In this week’s portion, the power of blessing is again in focus. Jacob, now reunited with Joseph, sees his life ending and the theme of the portion revolves around blessing of children and grand-children. Beginning in Genesis 48, we observe these blessings. This section has importance for us as we age, for it allows us to contemplate something that many of us are now beginning to think about: what shall we leave behind of us that has real meaning? What shall our children and grand-children take of us into their future?

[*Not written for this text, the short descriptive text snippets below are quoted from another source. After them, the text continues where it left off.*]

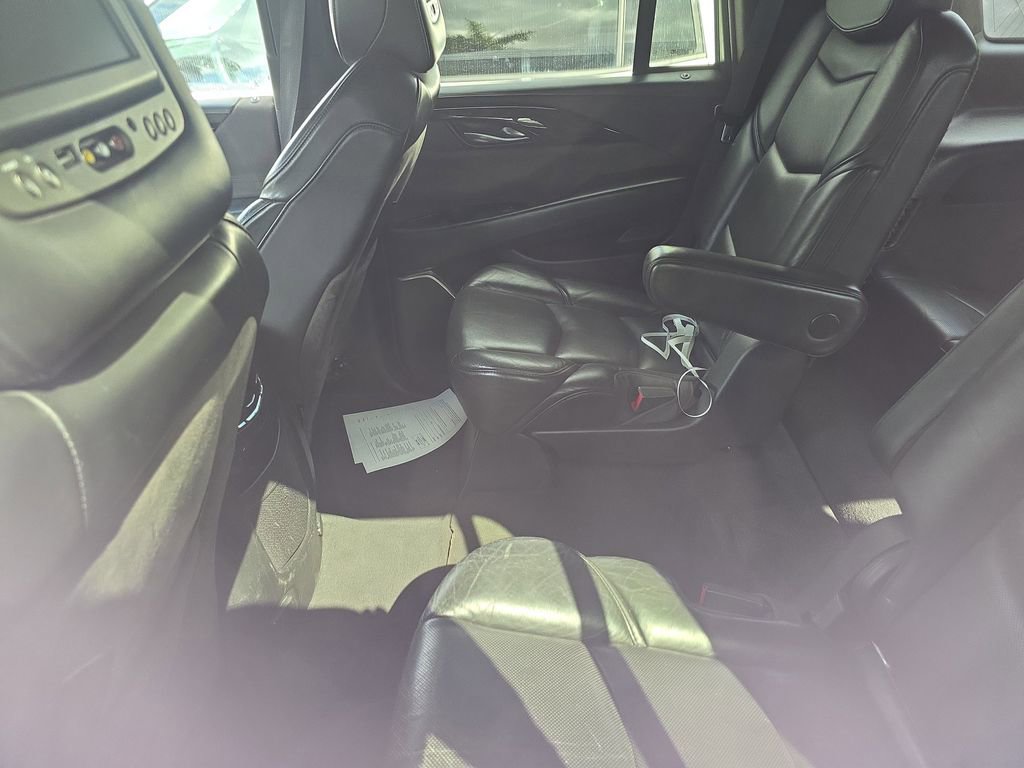 Used 2018 Cadillac Escalade Platinum image 11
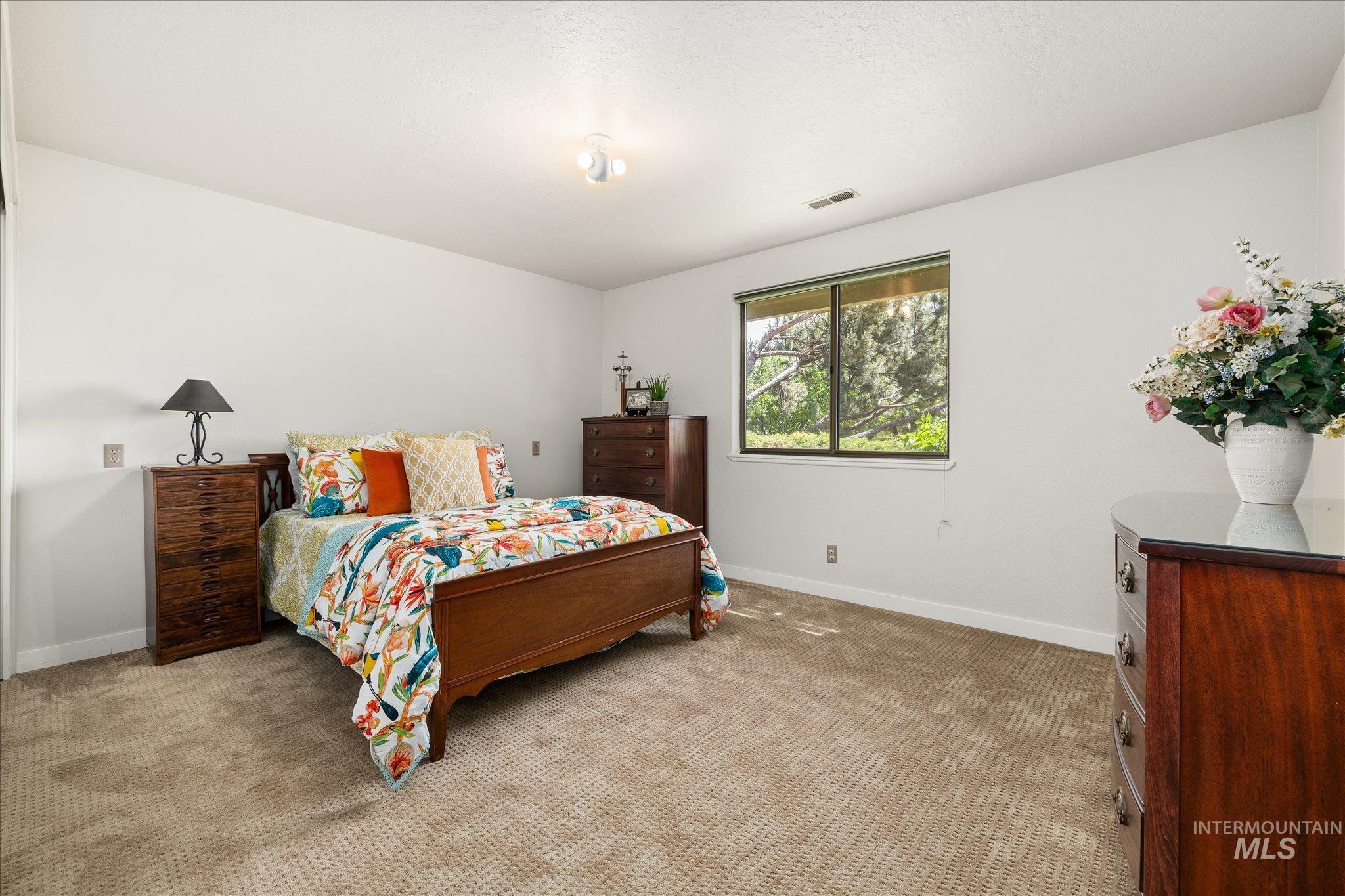 6070 W Hill Rd., Boise, Idaho 83703, 3 Bedrooms, 2 Bathrooms, Residential For Sale, Price $899,000, 98986382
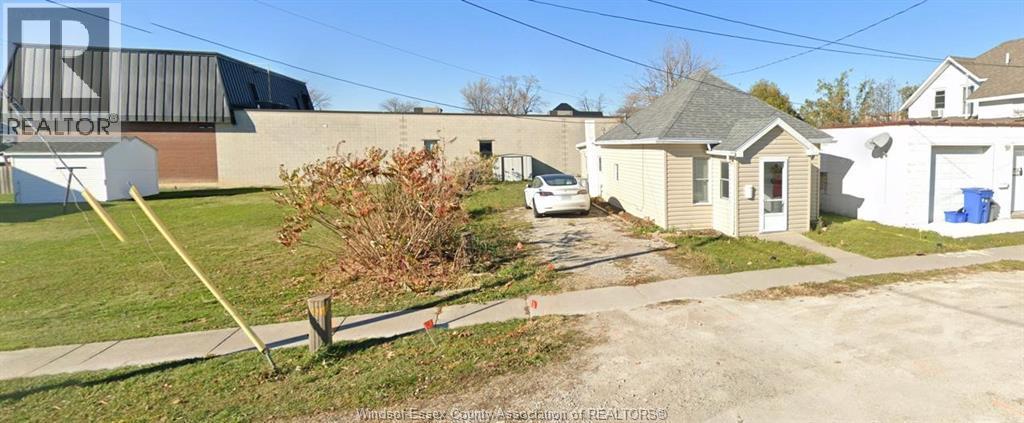 Single Family — 9 Medora Avenue, Essex, Ontario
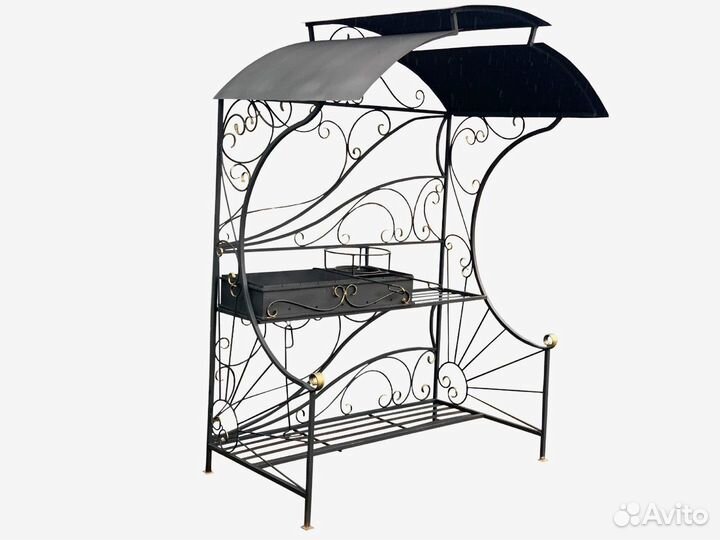 Мангал с крышей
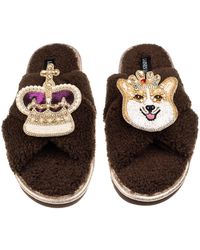 Laines London - Neutrals Laines Neutral Boucle Slippers With Corgi & Crown Brooches - Lyst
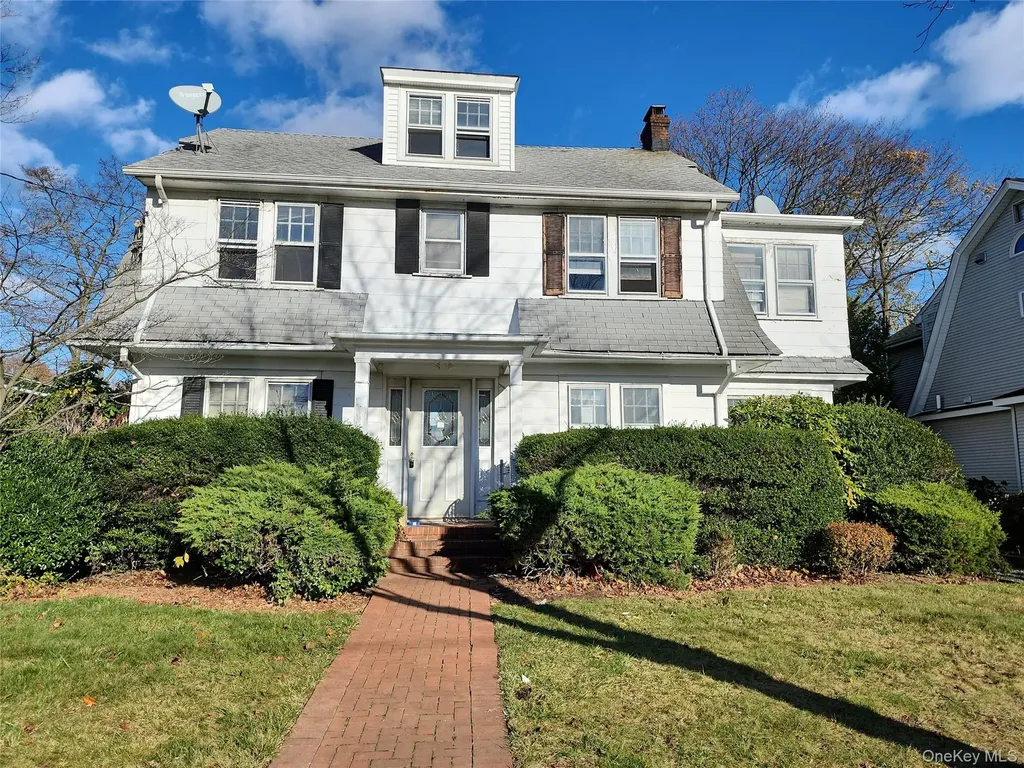 39 Hilbert Street Hempstead NY 11550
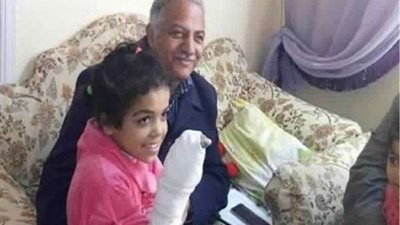 مدير تعليم كفر الزيات يزور طالبة أصيبت إثر سقوط غطاء بلاعة عليها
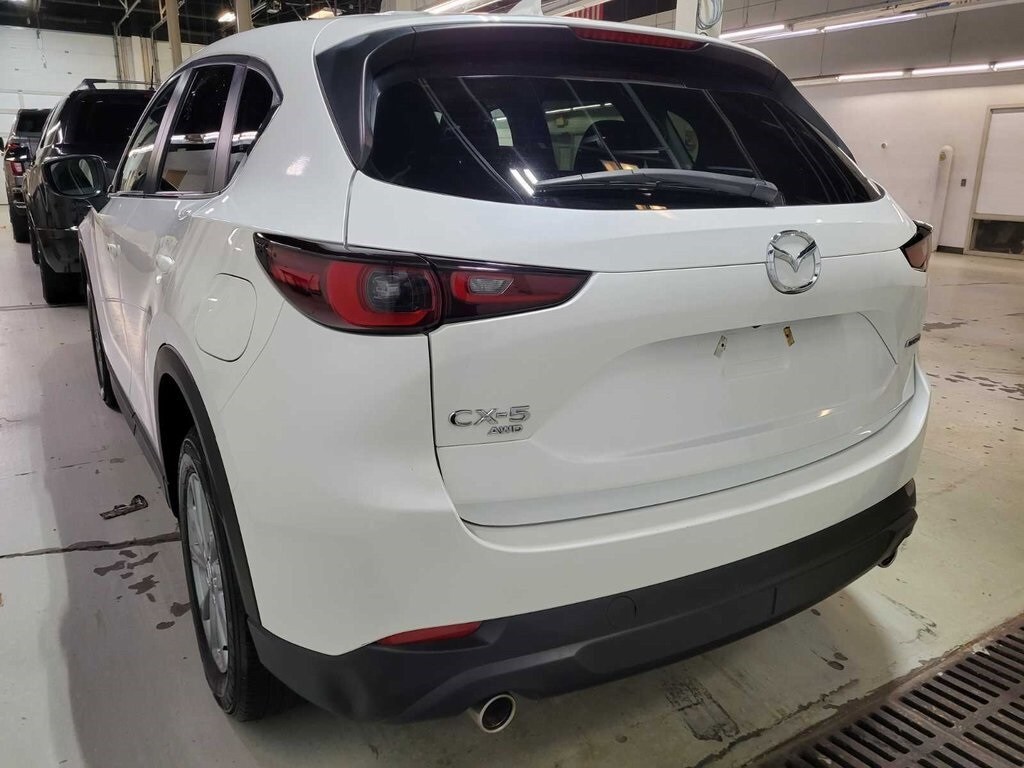 2022 Mazda CX-5 2.5 S Preferred photo 2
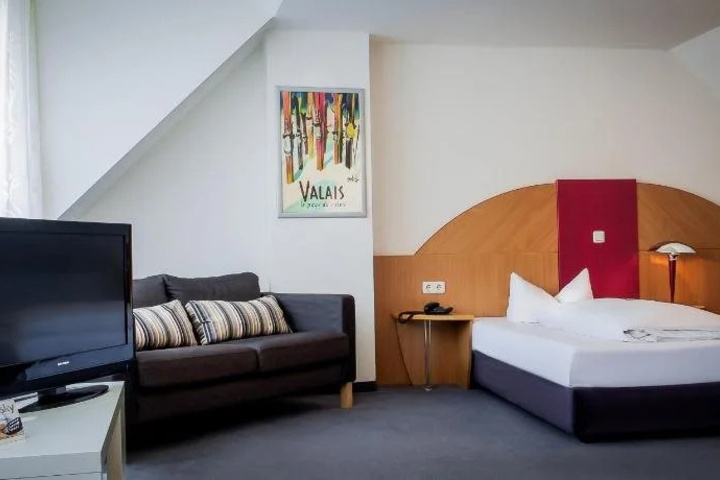Room 3 of 15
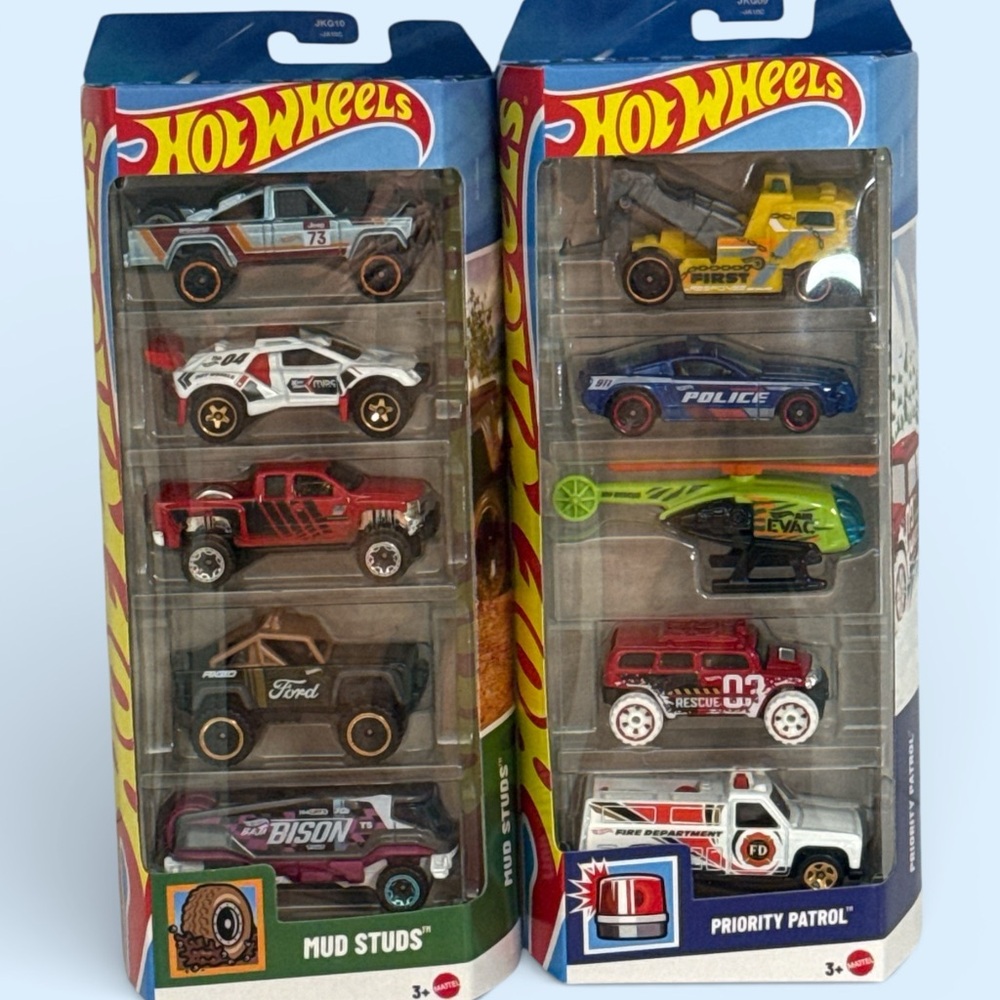 Hot Wheels Adventure Vehicle Set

This issue emerged again in some detail during a recent visit to Beth El in Boca Raton, FL. In a discussion on end of life issues and another one on meaning in aging, the group touched on this issue of legacy. They were aware of the concept of the Ethical Will and that its’ foundations within Judaism emerged from this week’s Torah reading. It was an interesting moment. We rarely think about this legacy issue, yet, let me suggest that its’ importance grows as we age.
The idea of blessing is key. More valuable than anything material is the spiritual endowment that we leave behind. One gentleman during this weekend ashamed with me the fact that he wrote a letter to each of his grand-children as they entered college outlining his hopes and wishes for them and letting them know the life lessons he learned and wished to pass on. What a gift! What blessing!. Maybe that is why some congregations are now engaging in the development of Ethical Will seminars and discussions.
This portion opens the door for these discussions and serves as another reminder of the power of blessing and the need to look at our life in terms of what we wish to leave to those who will come after us. May we have the strength to be a blessing to them and to the world.